Ce sera le marché public comme le Marché Jean-Talon à Montréal, ou celui de Québec. Ils iront dans des lieux où les Montréalais et les Québécois vivent. Il y aura encore les fameuses visites en groupe dans les autobus de touristes, mais la tendance qui se dessine fortement est axée sur l’expérience la plus authentique en termes d’activités.


« «Les gens ne veulent pas faire des tours guidés en autobus. Ils ne veulent pas être appelés des touristes, mais vivre comme les gens des lieux qu’ils visitent» »
Christiane Germain

«On voit cette tendance avec les clients qui résident dans nos hôtels.
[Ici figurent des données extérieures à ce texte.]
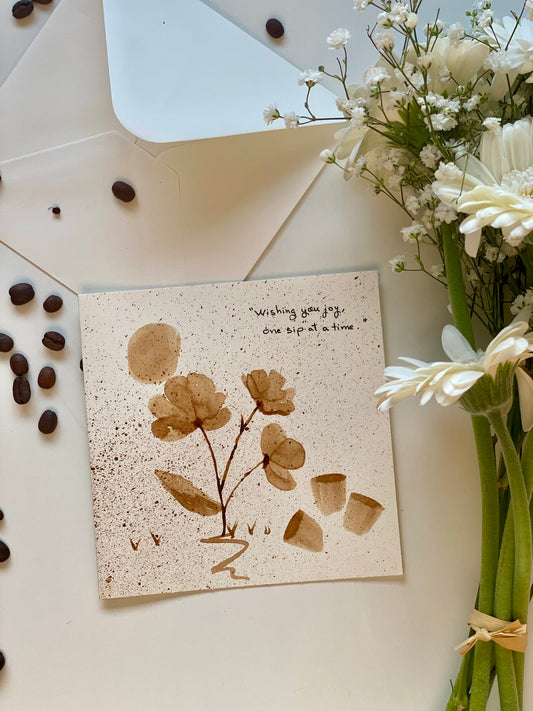 🎁 Carte illustrée – Peinture au café | 13,5 cm x 13,5 cm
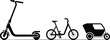 © Anu's World - Electric scooter, bicycle and cargo tricycle silhouette transport collection isolated on light background representing eco friendly urban mobility and modern city transportation concept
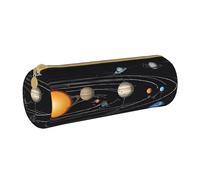 JAYWIS (Exploring The Solar System) Print Leather Pencil Case with Zipper Crossgrain Design, Compact Cylinder Organizer for School,Office & Travel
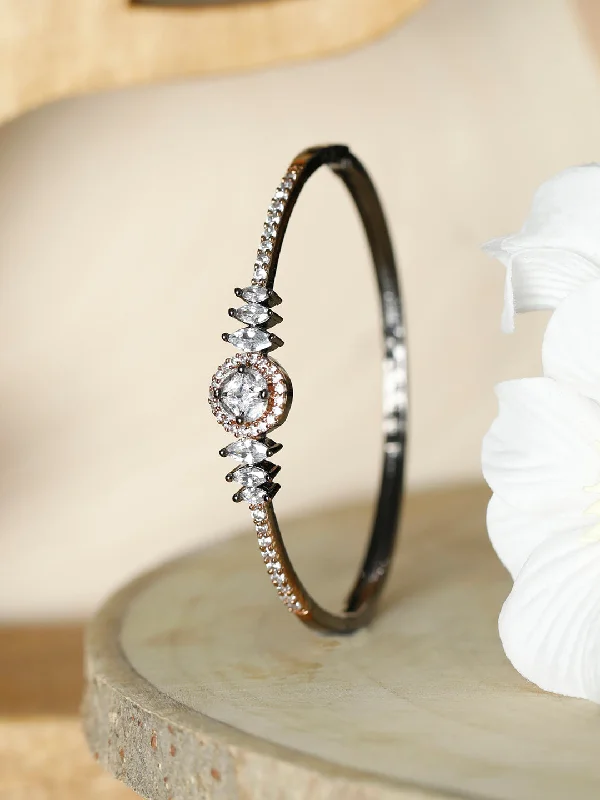 women’s stylish bangle-Priyaasi Women Dual Toned American Diamond Floral Bracelet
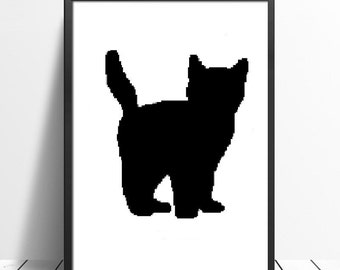 Black Cat Pattern, Modern Cross Stitch, Design Pattern , Cross Stitch Art Patterns  PDF,Instant Download #117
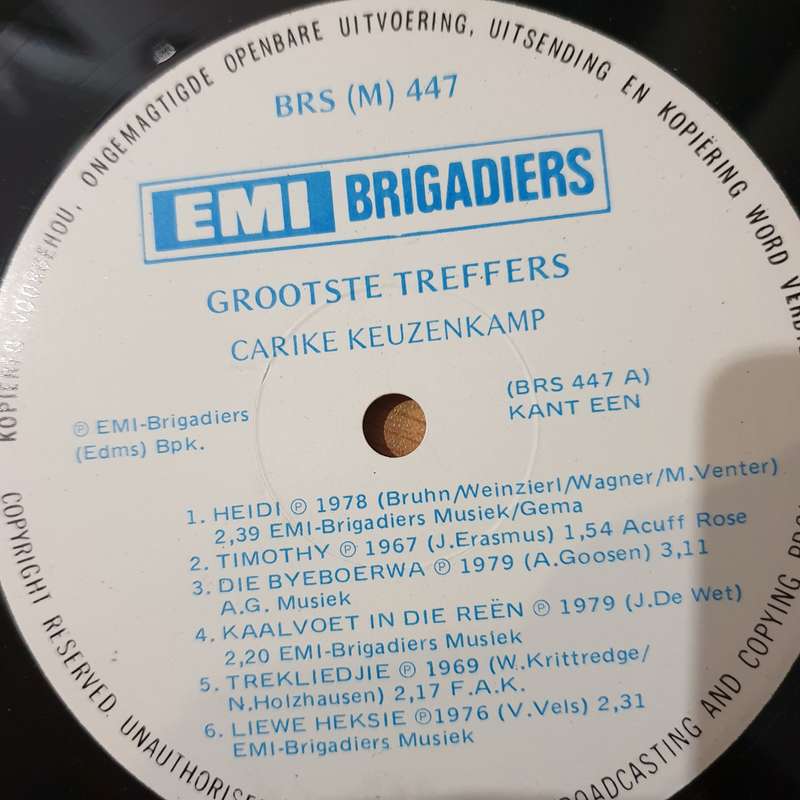 Carike Keuzenkamp - Grootste Treffers (Rhodesia/Zimbabwe) - Vinyl LP Record - Very-Good+ Quality ...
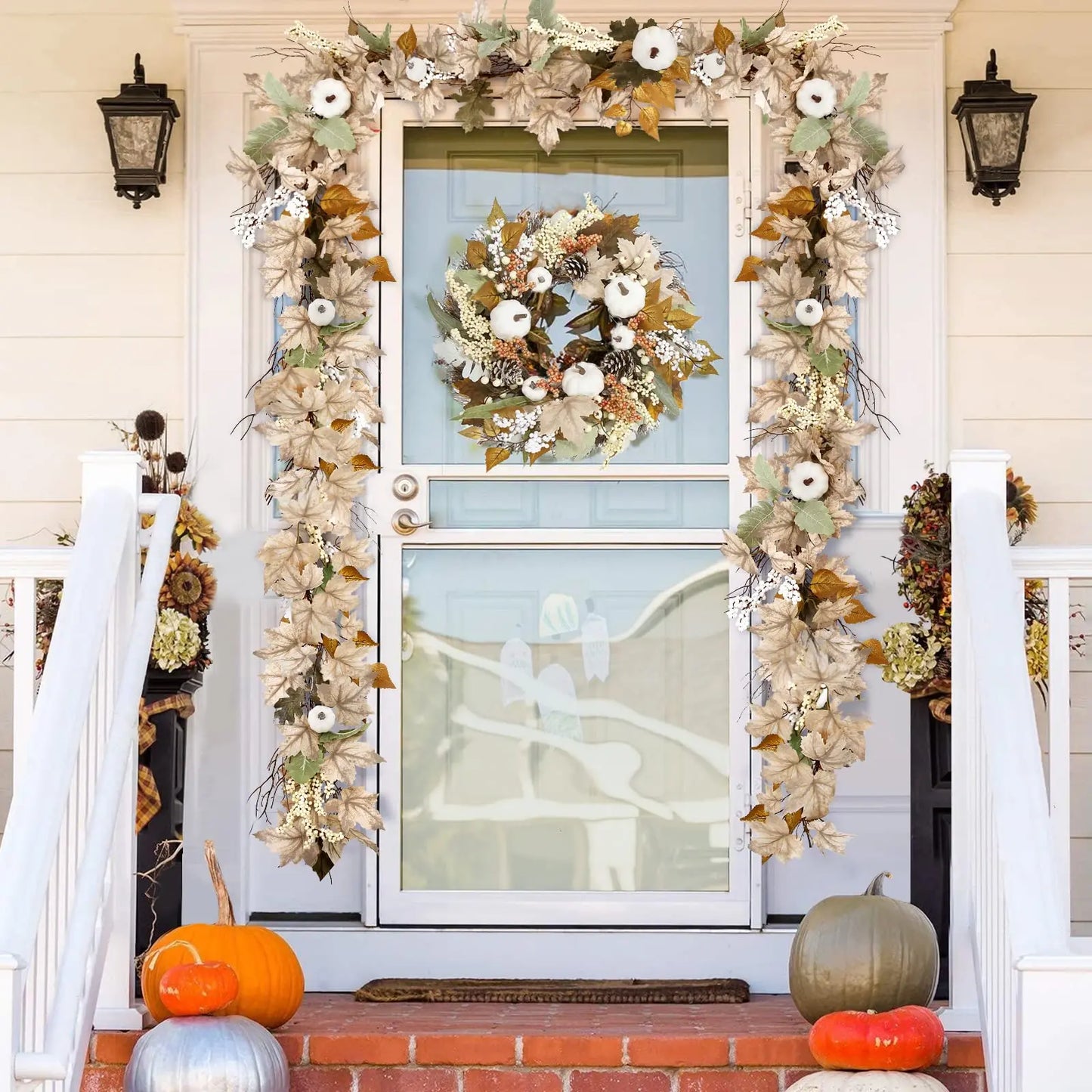 Fall Decoration - 1.75m Maple Leaf Pumpkin Berry garland - Thanksgiving Halloween Harvest decoration for home outdoor porch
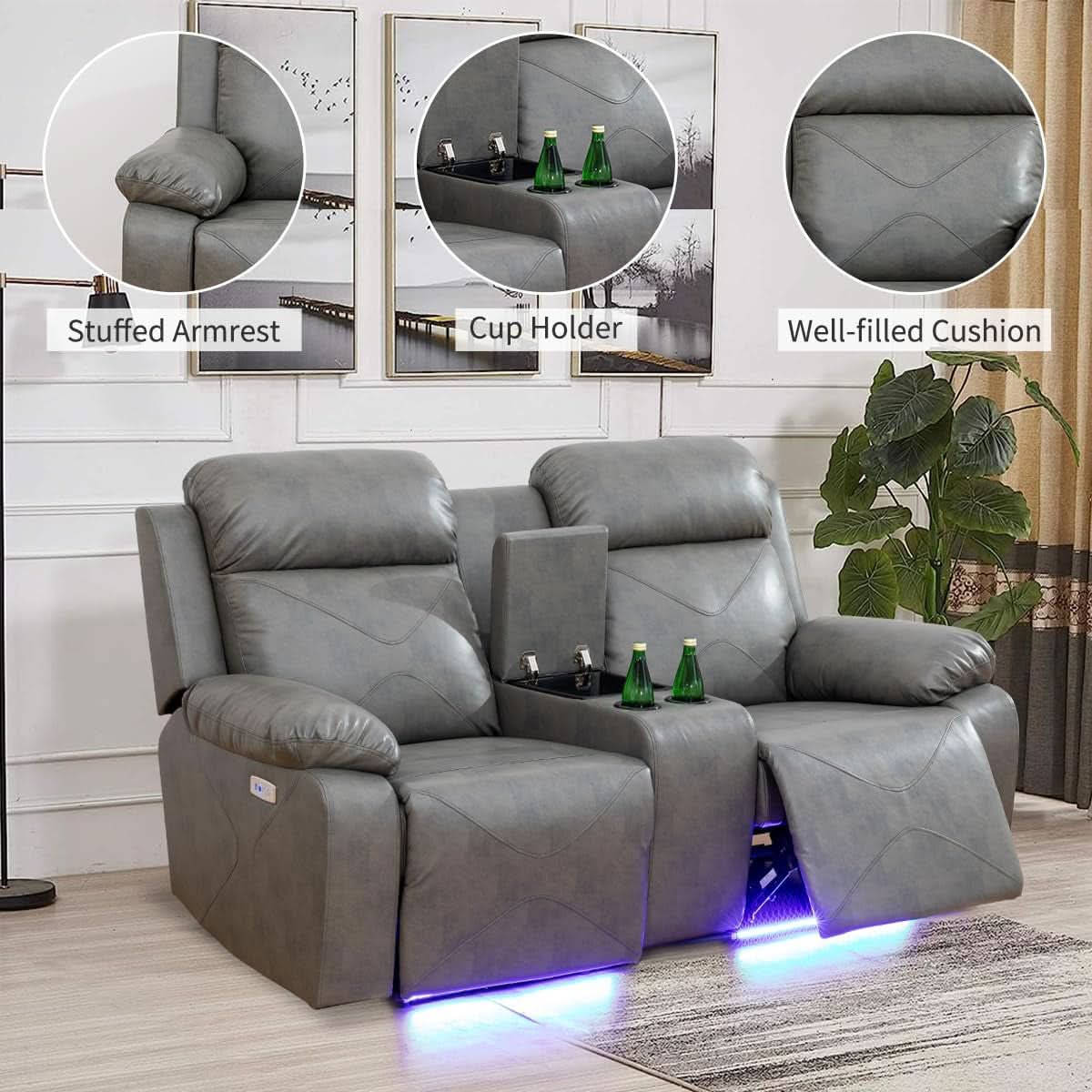 Power Recliner Sofa Set With LED Lights Grey Two Piece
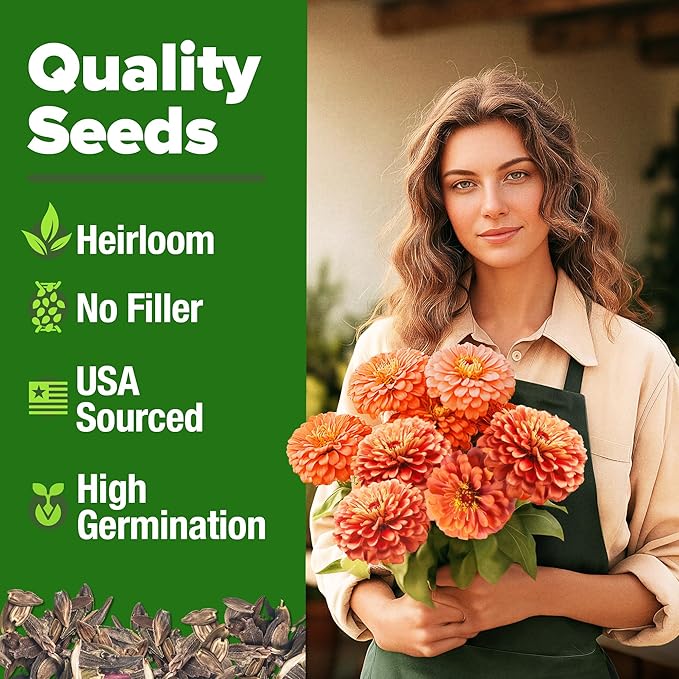 HOME GROWN Coral Zinnia Seeds (1g) – 600 Zinnia elegans Annual Flower Seeds for Planting Outdoors – Heat Tolerant Easy Summer Flowers to Plant – Herb Seed Companion for Pollinator Garden Beds for 2026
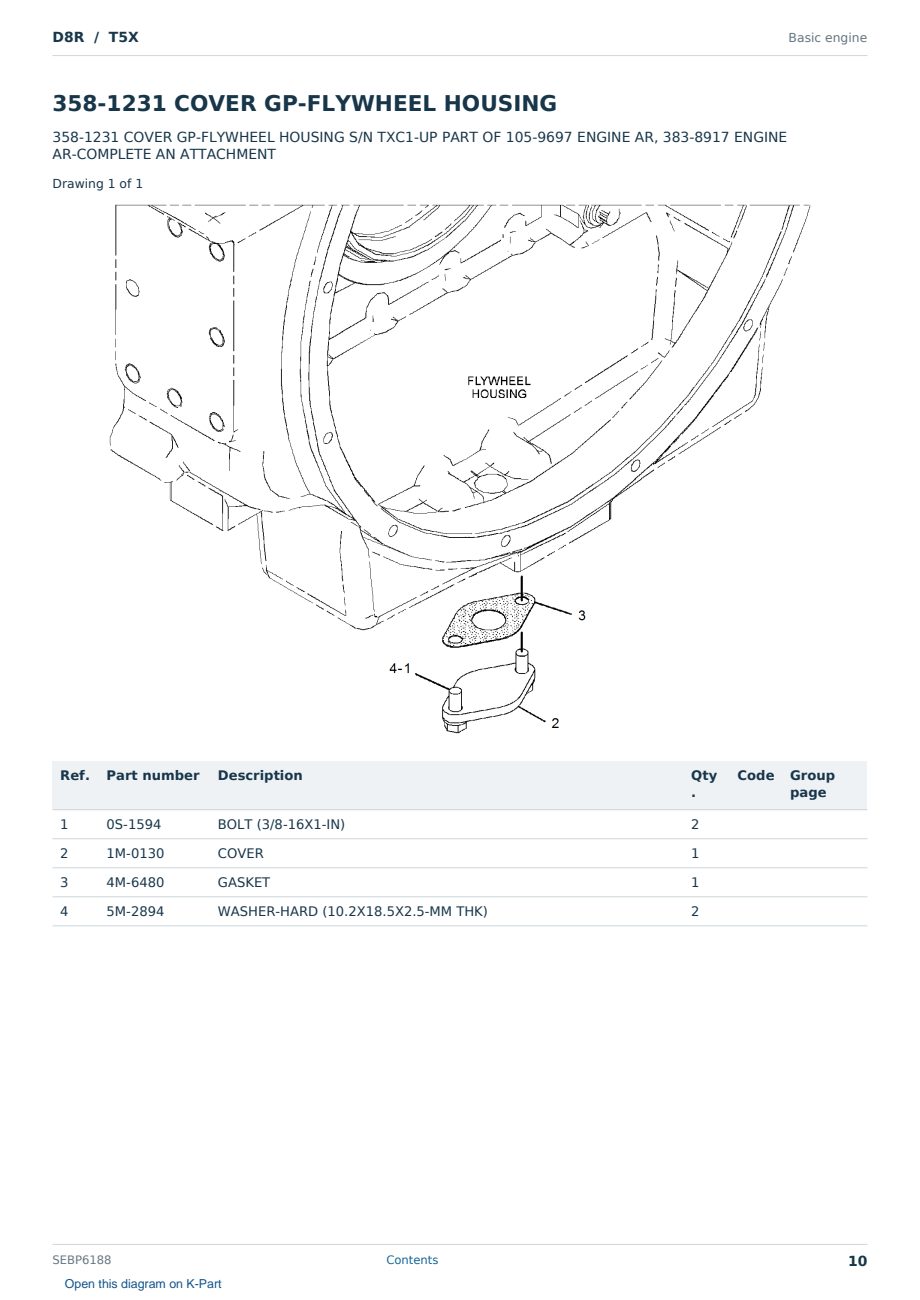 Caterpillar D8R S/N T5X Partsbook SEBP6188 (English) - sample page 10 of 10 Caterpillar D8R S/N T5X Partsbook SEBP6188 (English) - sample page 10 of 10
Les concierges de nos hôtels rencontrent les clients et voient à partir des questions posées que les personnes cherchent des éléments pour être connectés à la vie du milieu. Les gens à la recherche d’un restaurant prennent la peine de dire qu’ils ne veulent pas se retrouver dans un endroit remplis de touristes», souligne-t-elle.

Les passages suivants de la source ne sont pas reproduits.